Punk by Bunkong Tuon

Punk

On YouTube, the kids go apeshit over the Sex Pistols
        gleefully giving Johnny Lydon, green-haired, rotten-teethed,
foul-mouthed, wily-eyed punk icon their hard-earned cash.
        During the first year of the pandemic Lydon is seen sporting
a red Make-America-Great-Again t-shirt, belly protruding like
        a pesky spoiled brat. So it goes with getting old,
the world you once knew is turned upside down, the punk you love
        is now the pop music you hate. But back in the 70s,
when the Pistols played in some unknown bar down in Texas
        Rotten screamed “I am the anti-Christ. I’m going to destroy the Pacifists”
& they hated him with everything they got. They spat, threw chairs, rioted.
        The hate was pure and, of course, mutual, as Rotten spat back
and screamed some more. Sid Vicious scowled, sliced his skinny chest
        with a used razor while Steve and Glenn held down the beat.
Everything was clear then, lines were drawn. And it wasn’t about money,
        fame, and other illusions. It was a war between the establishment
and the underground, between authority and reckless youth, fought
        in the beautiful chaos of noise, the only kind of war for me.

*

Bunkong Tuon is a Cambodian-American writer and critic. He is the author of three full-length poetry collections and a chapbook. His publications include The American Journal of Poetry, Diode, Chiron Review, Paterson Literary Review, Misfit, carte-blanche, among others. He writes for Cultural Daily. Tuon teaches at Union College, in Schenectady, NY.

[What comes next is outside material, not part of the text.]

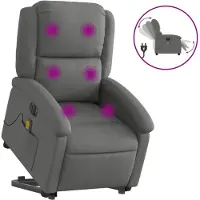 vidaXL Fauteuil de massage électrique avec releveur Tissu gris foncé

The Temporary World by Gerry LaFemina

The Temporary World

The water tranquil, soft loll of sunglaze
as one sailboat lazes from its dock toward adventure
beyond the bay.
Isn’t this how so many stories begin? Behind me

all tumult—jackhammers & Harley growl,
shrieks of children, their laughter gift wrapped
in golden light.
Old oaks chaperone, wear boas of Spanish moss.

Anoles have gone into hiding among
the underbrush; I even watched one leap, an Olympian,
from the sidewalk,
before it changed from brown to green

the way they will, adaptation necessary
for survival, to avoid workmen sawing away dead fronds
& the wrens that
woke me earlier, which seem harmless enough

seeing as they’re barely fist-sized,
their beaks almost dainty. But deadly. Such deception
shouldn’t shock us.
When it closed its eyes that lizard disappeared.

The school kids have returned to classrooms,
but before they left the cutest one said, Fuck no!,
so natural
a reaction when summoned back. In only minutes

the bay’s begun to churn, foam gathering
along the water’s edge, & the child-drawn clouds
to the south furrow
their brows, portent to a storm I still can’t fathom,

so that, hours from now, rain will lash
the windows, breakers crash beyond the storm wall.
Imagine those lizards
how important to survival it is for them to hold on,

the way they must cling to some quavering branch.

*

Gerry LaFemina’s most recent books are The Story of Ash (poems, Anhinga 2018) and Baby Steps in Doomsday Prepping (prose poems, Madville, 2020). He’s also a noted critic and fiction writer, and his first book of creative nonfiction, The Pursuit: A Meditation on Happiness is forthcoming on Madville. He teaches at Frostburg State University, serves as a mentor in the Carlow University MFA program, and plays guitar and sings for Snubbed recording artists The Downstrokes.